Pair with @para/rtp for a wire-format Opus / RTP stream.

Stateless functions that return a new Float32Array:

FunctionDescription
lowpass(samples, sr, freq, q?)Q defaults to 0.707 (Butterworth).
highpass(samples, sr, freq, q?)
bandpass(samples, sr, freq, q?)
notch(samples, sr, freq, q?)

Each does a single second-order IIR pass — chain them for steeper rolloff.

FunctionDescription
mix(a, b, gainA?, gainB?)Sample-wise mix into a new Float32Array.
normalize(samples, target?)Scale to target peak. Default target = 0.95.
peak(samples) / rms(samples)Whole-buffer level.
envelope(samples, windowMs, sampleRate)Sliding-window RMS envelope.
i16ToF32(int16) / f32ToI16(float32)PCM type conversion.
interleave(channels) / deinterleave(samples, n)Frame-major ⇄ planar.
resample(samples, from, to)Sinc-windowed resample.

Cooley-Tukey radix-2, in place:

const x = new Float32Array(1024); // real input
const X = audio.fft(x); // complex Float32Array, length 2048 (interleaved Re/Im)
const back = audio.ifft(X); // round-trips to ~1e-5

fft accepts either a real signal (length must be power of two) or an interleaved-complex buffer (length must be even). ifft returns the real part of the inverse — the imaginary part is dropped.

STFT magnitudes. Returns Float32Array[] — one frame per window position, each (window/2 + 1) long. Hann window applied before each FFT.

Slaney-normalized triangular mel filterbank — the standard preprocessing frontend for Whisper / Wav2Vec2.

const mel = audio.melSpectrogram(samples, {
sampleRate: 16000,
nMels: 80,
windowSize: 400,
hop: 160,
nFft: 512,
mode: "whisper",
});
// { frames: Float32Array[], nMels: 80, nFft: 512, hop: 160 }
OptionDefaultDescription
sampleRate16000Whisper’s rate.
nMels80Whisper’s count. Wav2Vec2 uses 128.
windowSize40025 ms at 16 kHz.
hop16010 ms at 16 kHz.
nFftnextPow2(windowSize)Must be a power of 2 ≥ windowSize.
mode"whisper""log10" returns dB-style log10(power). "whisper" clips to 8 dB dynamic range and rescales to ~[-1, 1].

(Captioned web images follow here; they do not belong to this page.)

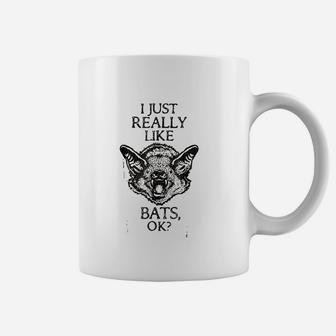 I Just Really Like Bats Ok Coffee Mug | Crazezy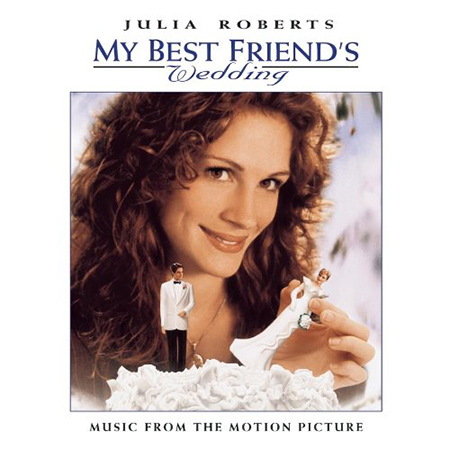 V/A - My Best Friend’s Wedding (Music From The Motion Picture)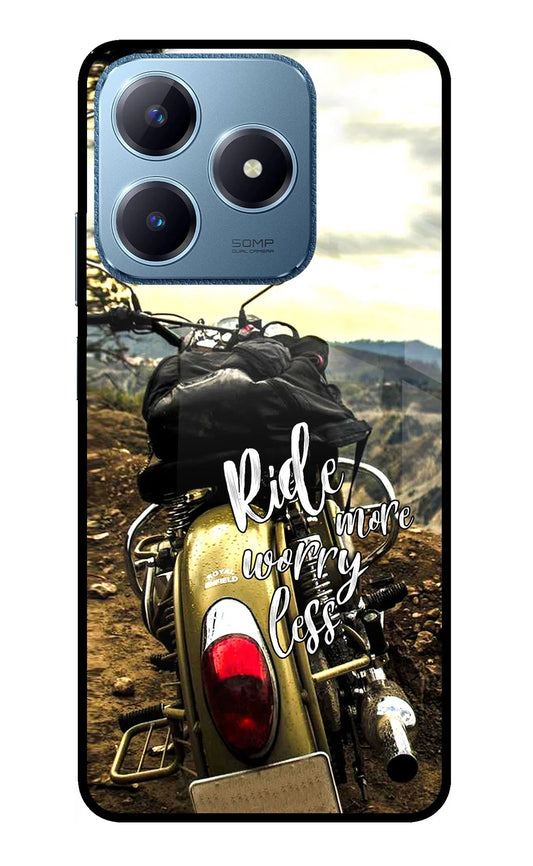 Ride More Worry Less Realme C63 Back Cover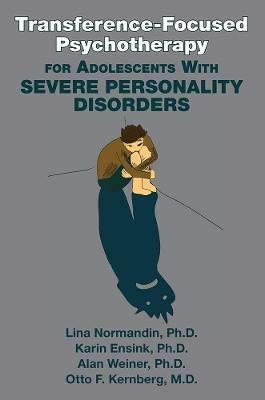 Transference-Focused Psychotherapy for Adolescents with Severe Personality Disorders - Lina Normandin,Karin Ensink,Alan Weiner - cover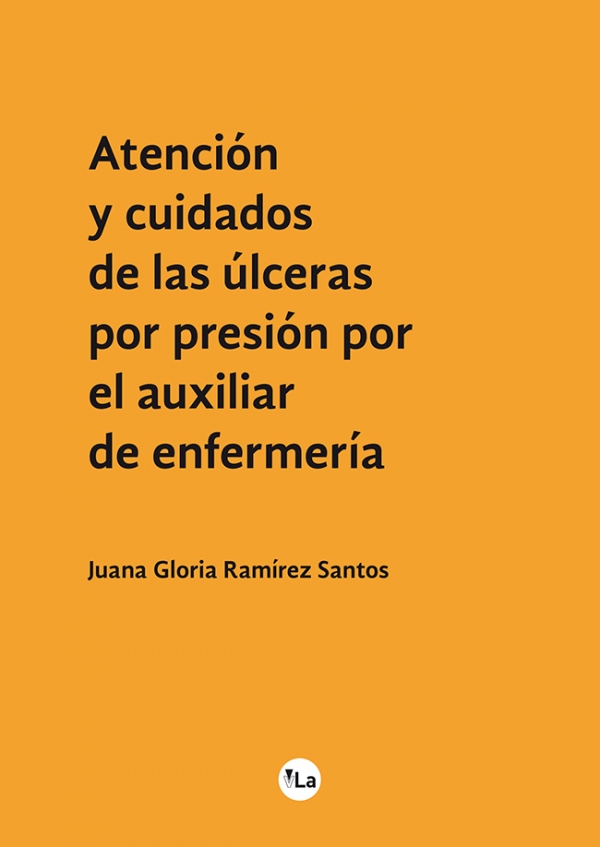 Atención y cuidados de las úlceras por presión por el auxiliar de enfermería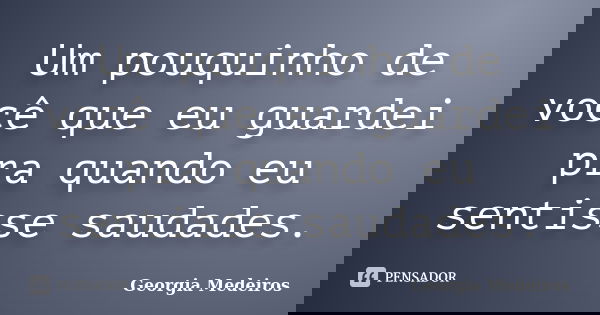 Um pouquinho de você que eu guardei pra quando eu sentisse saudades.... Frase de Georgia Medeiros.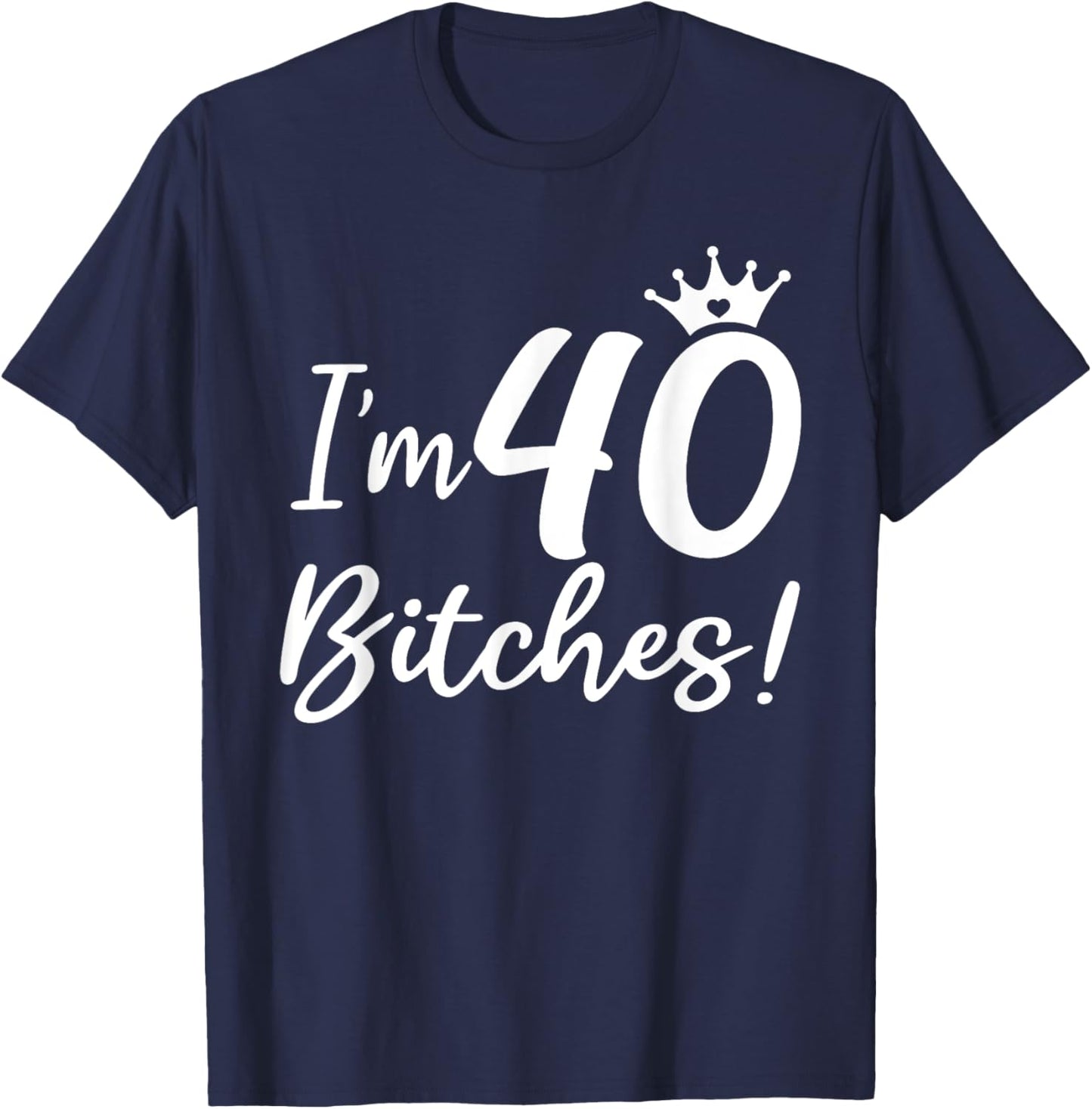 I'm 40 Bitches, Funny 40 Years Old Gifts T-Shirt - T-Shirt | Navy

The mel filter bank matches librosa.filters.mel(htk=False).

const vad = audio.detectVoice(samples, { frameSize: 480, ratio: 3.0, noiseWindow: 100 });
// { energies: Float32Array, speech: boolean[], noiseFloor: number }

Adaptive RMS-vs-noise-floor classifier. The noise floor is a sliding-window minimum of frame energies; a frame is “speech” when its RMS exceeds noiseFloor × ratio. Defaults track 30 ms frames (480 samples at 16 kHz) and a 3-second noise-window memory.

For utterance-level segmentation (pre-roll, hangover, minimum length filtering) use speech.listen — it’s a wrapper around detectVoice that yields one segment per speech burst.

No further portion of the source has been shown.